▶ [Task]: Please give back word for word the lines of the material below between the line containing "Ik hoor Zuid-Afrika" and the line containing "Mulineta Shinju 2004 Fd", inclusive.

-- Material for this task follows --

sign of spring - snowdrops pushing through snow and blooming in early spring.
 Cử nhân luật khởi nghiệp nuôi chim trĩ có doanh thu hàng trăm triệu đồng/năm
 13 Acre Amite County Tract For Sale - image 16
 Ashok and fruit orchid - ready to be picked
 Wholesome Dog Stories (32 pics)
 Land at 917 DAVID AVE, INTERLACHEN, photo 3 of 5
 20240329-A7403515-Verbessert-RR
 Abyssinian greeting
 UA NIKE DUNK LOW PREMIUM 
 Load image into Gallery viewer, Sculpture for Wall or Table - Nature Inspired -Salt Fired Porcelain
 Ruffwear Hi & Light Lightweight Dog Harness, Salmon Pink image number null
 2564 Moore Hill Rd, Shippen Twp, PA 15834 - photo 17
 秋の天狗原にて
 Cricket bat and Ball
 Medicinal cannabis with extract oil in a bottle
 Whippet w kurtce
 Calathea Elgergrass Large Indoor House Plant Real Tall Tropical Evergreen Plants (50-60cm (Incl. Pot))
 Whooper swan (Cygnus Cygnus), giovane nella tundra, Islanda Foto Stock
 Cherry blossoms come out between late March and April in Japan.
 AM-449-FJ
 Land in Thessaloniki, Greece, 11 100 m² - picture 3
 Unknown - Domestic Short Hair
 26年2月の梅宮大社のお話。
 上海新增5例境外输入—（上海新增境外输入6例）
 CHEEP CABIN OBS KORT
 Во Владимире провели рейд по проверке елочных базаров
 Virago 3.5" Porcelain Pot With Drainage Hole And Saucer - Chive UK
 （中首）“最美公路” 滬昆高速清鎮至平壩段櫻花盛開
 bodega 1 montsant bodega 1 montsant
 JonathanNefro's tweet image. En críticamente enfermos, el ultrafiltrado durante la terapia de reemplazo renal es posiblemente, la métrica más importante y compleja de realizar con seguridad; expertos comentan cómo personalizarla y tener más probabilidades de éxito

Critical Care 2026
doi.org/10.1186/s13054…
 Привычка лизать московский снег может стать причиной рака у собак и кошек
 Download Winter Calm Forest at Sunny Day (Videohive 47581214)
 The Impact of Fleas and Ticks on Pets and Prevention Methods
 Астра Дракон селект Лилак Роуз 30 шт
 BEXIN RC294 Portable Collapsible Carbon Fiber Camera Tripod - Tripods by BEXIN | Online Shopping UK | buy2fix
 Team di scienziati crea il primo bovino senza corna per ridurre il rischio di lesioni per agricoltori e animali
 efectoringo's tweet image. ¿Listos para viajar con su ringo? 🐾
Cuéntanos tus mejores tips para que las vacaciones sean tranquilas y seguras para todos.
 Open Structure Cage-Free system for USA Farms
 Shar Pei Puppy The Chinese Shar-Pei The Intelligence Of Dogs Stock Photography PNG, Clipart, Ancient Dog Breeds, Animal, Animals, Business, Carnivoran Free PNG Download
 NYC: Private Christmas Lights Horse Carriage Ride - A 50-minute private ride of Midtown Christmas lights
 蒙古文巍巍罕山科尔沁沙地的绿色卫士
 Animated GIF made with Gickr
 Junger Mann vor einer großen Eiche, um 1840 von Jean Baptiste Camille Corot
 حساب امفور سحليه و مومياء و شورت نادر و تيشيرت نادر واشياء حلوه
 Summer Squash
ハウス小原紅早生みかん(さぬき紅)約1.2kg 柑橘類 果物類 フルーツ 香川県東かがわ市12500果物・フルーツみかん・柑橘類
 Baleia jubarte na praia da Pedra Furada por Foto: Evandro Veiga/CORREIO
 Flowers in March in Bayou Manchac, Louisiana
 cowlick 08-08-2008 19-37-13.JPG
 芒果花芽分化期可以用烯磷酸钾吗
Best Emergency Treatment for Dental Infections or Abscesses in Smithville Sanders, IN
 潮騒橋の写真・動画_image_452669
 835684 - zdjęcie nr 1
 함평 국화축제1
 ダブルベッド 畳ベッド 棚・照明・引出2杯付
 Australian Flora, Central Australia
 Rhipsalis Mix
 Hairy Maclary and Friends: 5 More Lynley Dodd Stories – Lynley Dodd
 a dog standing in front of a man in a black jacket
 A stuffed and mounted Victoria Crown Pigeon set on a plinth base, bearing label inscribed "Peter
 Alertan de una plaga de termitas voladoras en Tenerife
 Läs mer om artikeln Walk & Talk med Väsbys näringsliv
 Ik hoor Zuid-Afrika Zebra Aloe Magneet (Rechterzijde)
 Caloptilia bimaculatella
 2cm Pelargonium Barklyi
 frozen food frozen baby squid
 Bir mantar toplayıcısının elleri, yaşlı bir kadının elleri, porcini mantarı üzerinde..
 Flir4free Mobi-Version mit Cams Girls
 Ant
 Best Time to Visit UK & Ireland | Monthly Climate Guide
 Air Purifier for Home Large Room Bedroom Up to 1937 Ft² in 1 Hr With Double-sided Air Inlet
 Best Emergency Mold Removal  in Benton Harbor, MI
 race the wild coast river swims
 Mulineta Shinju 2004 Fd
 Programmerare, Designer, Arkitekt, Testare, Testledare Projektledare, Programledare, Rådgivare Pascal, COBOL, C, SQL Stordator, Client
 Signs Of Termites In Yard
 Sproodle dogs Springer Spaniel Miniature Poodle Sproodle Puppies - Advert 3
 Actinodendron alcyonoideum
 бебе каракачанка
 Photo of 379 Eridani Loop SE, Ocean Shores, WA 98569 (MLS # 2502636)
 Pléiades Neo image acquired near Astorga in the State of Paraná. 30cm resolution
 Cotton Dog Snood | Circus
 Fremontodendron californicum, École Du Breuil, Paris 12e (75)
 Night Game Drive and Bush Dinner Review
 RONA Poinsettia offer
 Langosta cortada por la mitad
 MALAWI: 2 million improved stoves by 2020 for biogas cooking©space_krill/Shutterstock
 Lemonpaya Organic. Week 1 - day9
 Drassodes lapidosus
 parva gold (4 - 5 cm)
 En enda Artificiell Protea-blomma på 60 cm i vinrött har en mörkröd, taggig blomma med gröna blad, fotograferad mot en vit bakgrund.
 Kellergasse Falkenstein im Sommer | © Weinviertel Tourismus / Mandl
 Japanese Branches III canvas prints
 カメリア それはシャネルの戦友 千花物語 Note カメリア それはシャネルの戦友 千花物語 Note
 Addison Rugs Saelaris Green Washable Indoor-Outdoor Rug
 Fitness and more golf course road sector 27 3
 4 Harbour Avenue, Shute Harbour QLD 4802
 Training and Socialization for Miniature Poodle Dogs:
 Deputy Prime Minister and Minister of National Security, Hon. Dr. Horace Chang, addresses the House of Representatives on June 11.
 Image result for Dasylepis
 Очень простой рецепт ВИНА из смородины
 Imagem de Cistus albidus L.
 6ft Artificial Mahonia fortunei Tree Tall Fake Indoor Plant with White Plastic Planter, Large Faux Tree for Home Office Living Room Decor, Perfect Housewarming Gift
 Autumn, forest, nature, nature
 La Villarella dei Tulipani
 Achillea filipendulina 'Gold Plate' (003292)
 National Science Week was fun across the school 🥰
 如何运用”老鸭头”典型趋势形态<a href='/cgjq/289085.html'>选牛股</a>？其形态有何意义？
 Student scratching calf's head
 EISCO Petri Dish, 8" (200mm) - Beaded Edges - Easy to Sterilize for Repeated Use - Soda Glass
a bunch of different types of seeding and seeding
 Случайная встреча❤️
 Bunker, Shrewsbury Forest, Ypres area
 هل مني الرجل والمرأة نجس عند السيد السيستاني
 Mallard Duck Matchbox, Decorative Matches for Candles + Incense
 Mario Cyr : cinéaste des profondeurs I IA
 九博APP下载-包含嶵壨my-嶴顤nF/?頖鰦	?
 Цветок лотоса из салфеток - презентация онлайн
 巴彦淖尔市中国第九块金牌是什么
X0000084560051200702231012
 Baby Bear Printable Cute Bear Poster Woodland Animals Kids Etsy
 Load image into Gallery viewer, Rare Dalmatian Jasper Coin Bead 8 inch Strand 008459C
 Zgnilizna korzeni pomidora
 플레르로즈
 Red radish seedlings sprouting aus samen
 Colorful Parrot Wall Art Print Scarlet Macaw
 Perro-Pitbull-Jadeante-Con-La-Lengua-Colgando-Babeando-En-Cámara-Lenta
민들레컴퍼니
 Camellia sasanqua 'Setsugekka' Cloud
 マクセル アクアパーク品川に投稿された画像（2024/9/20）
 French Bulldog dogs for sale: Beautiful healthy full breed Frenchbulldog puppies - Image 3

-- Material for this task concluded --

▶ [Solution for this exercise]:
 Ik hoor Zuid-Afrika Zebra Aloe Magneet (Rechterzijde)
 Caloptilia bimaculatella
 2cm Pelargonium Barklyi
 frozen food frozen baby squid
 Bir mantar toplayıcısının elleri, yaşlı bir kadının elleri, porcini mantarı üzerinde..
 Flir4free Mobi-Version mit Cams Girls
 Ant
 Best Time to Visit UK & Ireland | Monthly Climate Guide
 Air Purifier for Home Large Room Bedroom Up to 1937 Ft² in 1 Hr With Double-sided Air Inlet
 Best Emergency Mold Removal  in Benton Harbor, MI
 race the wild coast river swims
 Mulineta Shinju 2004 Fd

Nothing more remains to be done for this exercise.